%%
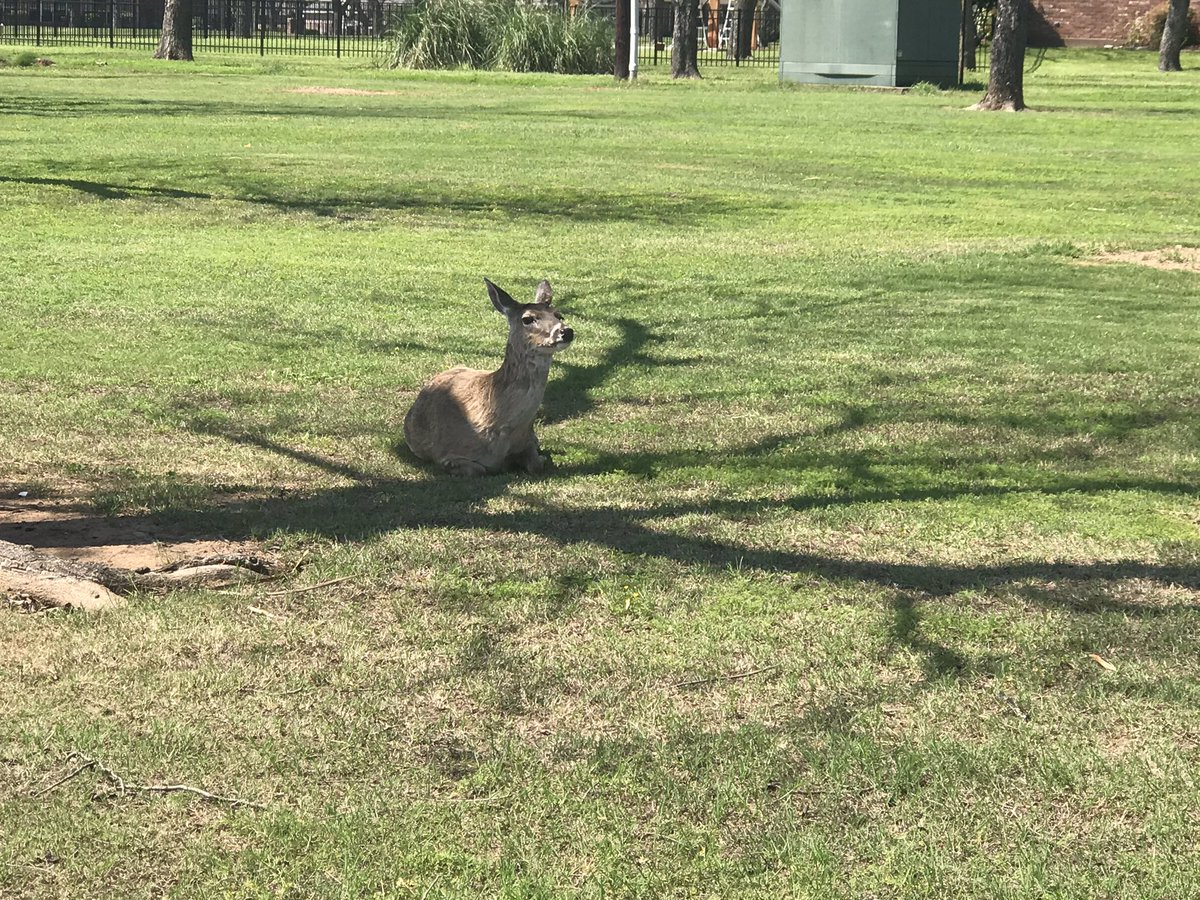 Out with @HambrickMonty today at Nutcracker Golf Club. GPS mapping the course. Great to see Mother Nature at its finest. No Coronavirus here!! <a href="/StevenJ62610853/">Steven Johnson</a>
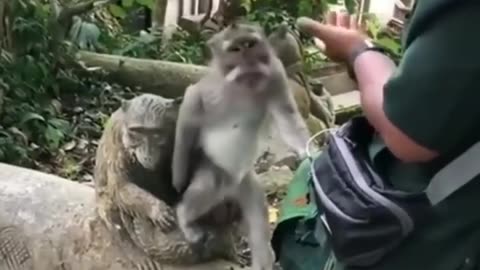 Very Funny Actions of Monkeys #shorts #viral #shortsvideo #video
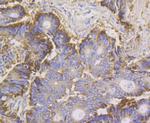 Annexin A4 Antibody in Immunohistochemistry (Paraffin) (IHC (P))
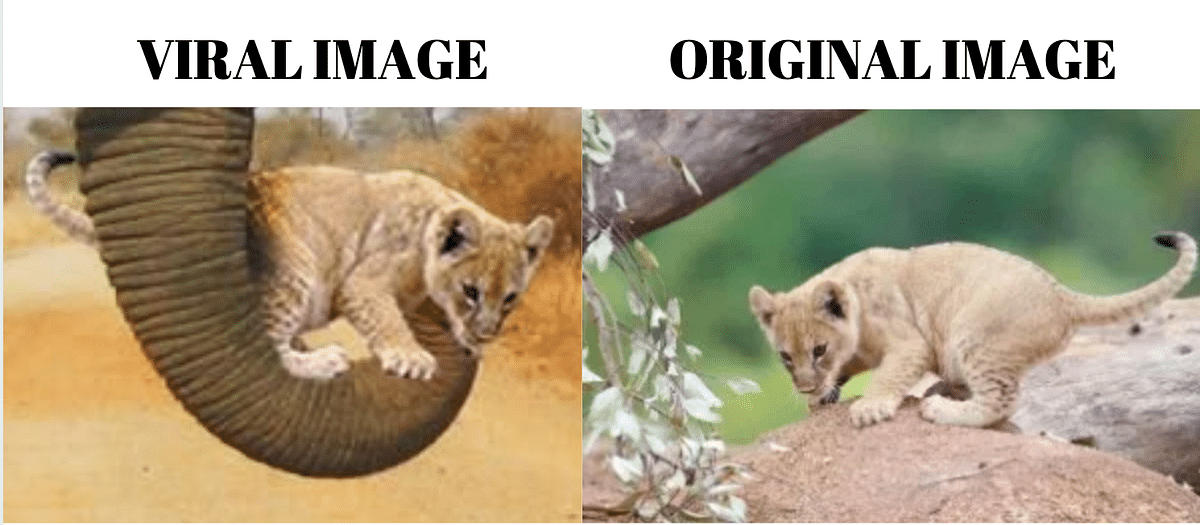 The morphed image was tweeted in 2018 on the occasion of April Fool's Day and has been viral ever since.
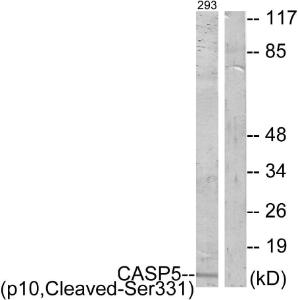 Western blot analysis of lysates from 293 cells, treated with etoposide 25uM 1h using Anti-Caspase 5 (p10,cleaved Ser331) Antibody. The right hand lane represents a negative control, where the antibody is blocked by the immunising peptide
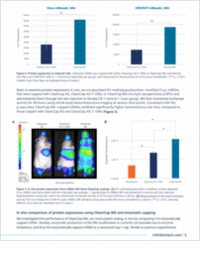 Impact of cap structures on the performance of in vitro-transcribed mRNAs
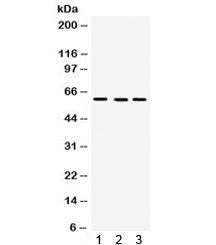 FMO3 Antibody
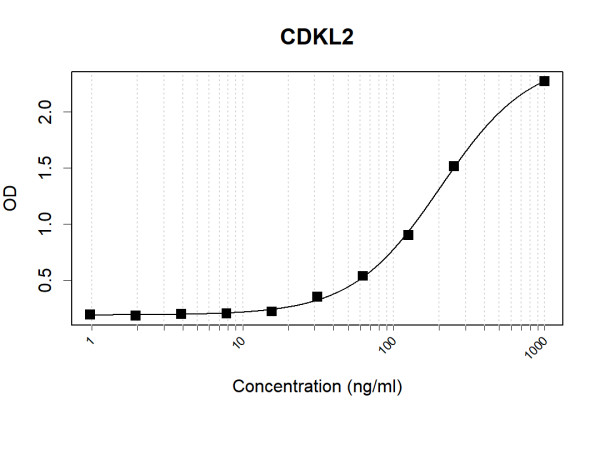 Anti-Human CDKL2 Antibody Pair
%%
**Exercise description:**
Beginning with the line containing "Impact of cap" and ending with the last line of the listing above, output those lines exactly as written, without pictures.

**Output for this exercise:**
 Impact of cap structures on the performance of in vitro-transcribed mRNAs
 FMO3 Antibody
 Anti-Human CDKL2 Antibody Pair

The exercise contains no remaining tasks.